Exercise details:
Give back exactly the lines of the material below that start at the line containing "color effect. Size:30-31-32-33" and end at the line containing "Used 2023 Jeep", and no others.

Material provided:

◇ ◇ ◇

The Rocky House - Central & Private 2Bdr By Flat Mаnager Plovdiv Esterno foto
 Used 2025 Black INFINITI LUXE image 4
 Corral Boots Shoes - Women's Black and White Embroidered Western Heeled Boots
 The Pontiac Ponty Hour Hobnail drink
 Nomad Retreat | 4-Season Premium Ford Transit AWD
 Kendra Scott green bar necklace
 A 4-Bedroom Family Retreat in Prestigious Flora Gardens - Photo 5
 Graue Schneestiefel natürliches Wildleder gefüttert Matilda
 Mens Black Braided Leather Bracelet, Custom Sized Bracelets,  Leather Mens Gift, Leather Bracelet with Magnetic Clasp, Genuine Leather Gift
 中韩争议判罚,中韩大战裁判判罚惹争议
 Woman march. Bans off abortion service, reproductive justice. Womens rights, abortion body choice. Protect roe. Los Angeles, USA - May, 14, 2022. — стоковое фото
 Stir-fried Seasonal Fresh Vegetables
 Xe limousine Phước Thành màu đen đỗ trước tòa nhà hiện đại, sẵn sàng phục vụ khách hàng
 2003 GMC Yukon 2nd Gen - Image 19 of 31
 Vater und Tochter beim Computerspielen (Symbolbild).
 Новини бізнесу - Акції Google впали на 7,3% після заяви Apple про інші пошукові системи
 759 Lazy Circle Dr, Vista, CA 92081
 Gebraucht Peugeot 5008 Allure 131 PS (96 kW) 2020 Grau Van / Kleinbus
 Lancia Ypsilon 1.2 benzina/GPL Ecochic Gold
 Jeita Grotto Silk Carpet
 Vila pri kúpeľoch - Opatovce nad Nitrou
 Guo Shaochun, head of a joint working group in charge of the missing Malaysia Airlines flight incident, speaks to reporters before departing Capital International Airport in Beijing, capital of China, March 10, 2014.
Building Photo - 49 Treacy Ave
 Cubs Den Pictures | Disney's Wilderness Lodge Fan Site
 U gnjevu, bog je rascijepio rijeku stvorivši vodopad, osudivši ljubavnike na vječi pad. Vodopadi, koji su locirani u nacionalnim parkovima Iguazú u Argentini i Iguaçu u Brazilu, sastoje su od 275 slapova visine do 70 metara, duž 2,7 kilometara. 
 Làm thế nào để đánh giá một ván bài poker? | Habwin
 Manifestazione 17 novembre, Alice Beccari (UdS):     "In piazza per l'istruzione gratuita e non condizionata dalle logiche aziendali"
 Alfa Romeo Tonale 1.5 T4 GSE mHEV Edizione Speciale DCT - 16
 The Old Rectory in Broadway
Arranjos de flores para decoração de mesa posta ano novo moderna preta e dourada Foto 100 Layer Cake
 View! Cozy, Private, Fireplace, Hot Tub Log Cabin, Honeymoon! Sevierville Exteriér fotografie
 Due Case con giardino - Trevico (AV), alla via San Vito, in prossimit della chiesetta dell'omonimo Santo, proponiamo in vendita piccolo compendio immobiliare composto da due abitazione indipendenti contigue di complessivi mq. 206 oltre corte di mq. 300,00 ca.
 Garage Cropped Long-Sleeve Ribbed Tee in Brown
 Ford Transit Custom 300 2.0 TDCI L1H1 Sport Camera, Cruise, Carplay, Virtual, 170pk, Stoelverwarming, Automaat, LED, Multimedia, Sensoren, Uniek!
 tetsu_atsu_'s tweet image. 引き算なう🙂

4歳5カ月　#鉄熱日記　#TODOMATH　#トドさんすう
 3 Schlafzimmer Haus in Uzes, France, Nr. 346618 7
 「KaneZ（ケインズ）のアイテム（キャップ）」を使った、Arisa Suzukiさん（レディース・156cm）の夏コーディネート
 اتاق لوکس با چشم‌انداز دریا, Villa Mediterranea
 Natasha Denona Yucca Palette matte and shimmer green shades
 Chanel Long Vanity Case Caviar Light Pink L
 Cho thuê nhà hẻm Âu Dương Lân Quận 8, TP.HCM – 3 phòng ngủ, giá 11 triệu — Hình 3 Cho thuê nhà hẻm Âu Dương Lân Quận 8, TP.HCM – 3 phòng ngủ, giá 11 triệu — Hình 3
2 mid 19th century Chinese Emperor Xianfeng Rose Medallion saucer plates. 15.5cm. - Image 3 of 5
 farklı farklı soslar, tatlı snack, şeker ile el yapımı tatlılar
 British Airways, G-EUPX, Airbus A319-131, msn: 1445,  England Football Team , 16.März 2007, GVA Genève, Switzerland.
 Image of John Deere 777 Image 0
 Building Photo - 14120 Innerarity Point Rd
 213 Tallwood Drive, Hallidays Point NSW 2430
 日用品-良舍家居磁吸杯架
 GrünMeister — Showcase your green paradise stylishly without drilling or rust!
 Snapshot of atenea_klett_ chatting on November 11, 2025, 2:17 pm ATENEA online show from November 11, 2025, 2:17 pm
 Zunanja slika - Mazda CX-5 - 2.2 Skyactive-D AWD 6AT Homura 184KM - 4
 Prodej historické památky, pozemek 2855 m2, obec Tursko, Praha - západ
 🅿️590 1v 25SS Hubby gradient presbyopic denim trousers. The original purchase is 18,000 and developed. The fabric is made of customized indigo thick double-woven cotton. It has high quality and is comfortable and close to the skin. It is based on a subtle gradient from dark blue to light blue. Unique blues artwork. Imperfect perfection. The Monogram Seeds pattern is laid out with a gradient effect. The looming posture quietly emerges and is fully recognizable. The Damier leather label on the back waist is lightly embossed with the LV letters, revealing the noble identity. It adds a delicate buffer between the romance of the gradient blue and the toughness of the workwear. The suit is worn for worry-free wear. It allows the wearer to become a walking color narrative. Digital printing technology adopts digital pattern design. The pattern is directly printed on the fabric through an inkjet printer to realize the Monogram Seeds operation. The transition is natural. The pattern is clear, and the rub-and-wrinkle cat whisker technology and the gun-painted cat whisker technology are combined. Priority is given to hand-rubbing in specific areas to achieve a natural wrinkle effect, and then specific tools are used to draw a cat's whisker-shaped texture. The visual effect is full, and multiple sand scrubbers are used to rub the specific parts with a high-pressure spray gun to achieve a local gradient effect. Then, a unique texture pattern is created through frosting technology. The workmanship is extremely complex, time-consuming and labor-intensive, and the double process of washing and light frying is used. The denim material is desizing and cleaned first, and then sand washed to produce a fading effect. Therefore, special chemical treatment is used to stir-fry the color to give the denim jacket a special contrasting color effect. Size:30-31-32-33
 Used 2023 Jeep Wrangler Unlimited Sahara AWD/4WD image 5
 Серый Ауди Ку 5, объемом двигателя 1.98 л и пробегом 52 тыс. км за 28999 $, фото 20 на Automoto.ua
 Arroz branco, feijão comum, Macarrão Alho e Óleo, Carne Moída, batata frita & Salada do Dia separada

◇ ◇ ◇

Response to this exercise:
 🅿️590 1v 25SS Hubby gradient presbyopic denim trousers. The original purchase is 18,000 and developed. The fabric is made of customized indigo thick double-woven cotton. It has high quality and is comfortable and close to the skin. It is based on a subtle gradient from dark blue to light blue. Unique blues artwork. Imperfect perfection. The Monogram Seeds pattern is laid out with a gradient effect. The looming posture quietly emerges and is fully recognizable. The Damier leather label on the back waist is lightly embossed with the LV letters, revealing the noble identity. It adds a delicate buffer between the romance of the gradient blue and the toughness of the workwear. The suit is worn for worry-free wear. It allows the wearer to become a walking color narrative. Digital printing technology adopts digital pattern design. The pattern is directly printed on the fabric through an inkjet printer to realize the Monogram Seeds operation. The transition is natural. The pattern is clear, and the rub-and-wrinkle cat whisker technology and the gun-painted cat whisker technology are combined. Priority is given to hand-rubbing in specific areas to achieve a natural wrinkle effect, and then specific tools are used to draw a cat's whisker-shaped texture. The visual effect is full, and multiple sand scrubbers are used to rub the specific parts with a high-pressure spray gun to achieve a local gradient effect. Then, a unique texture pattern is created through frosting technology. The workmanship is extremely complex, time-consuming and labor-intensive, and the double process of washing and light frying is used. The denim material is desizing and cleaned first, and then sand washed to produce a fading effect. Therefore, special chemical treatment is used to stir-fry the color to give the denim jacket a special contrasting color effect. Size:30-31-32-33
 Used 2023 Jeep Wrangler Unlimited Sahara AWD/4WD image 5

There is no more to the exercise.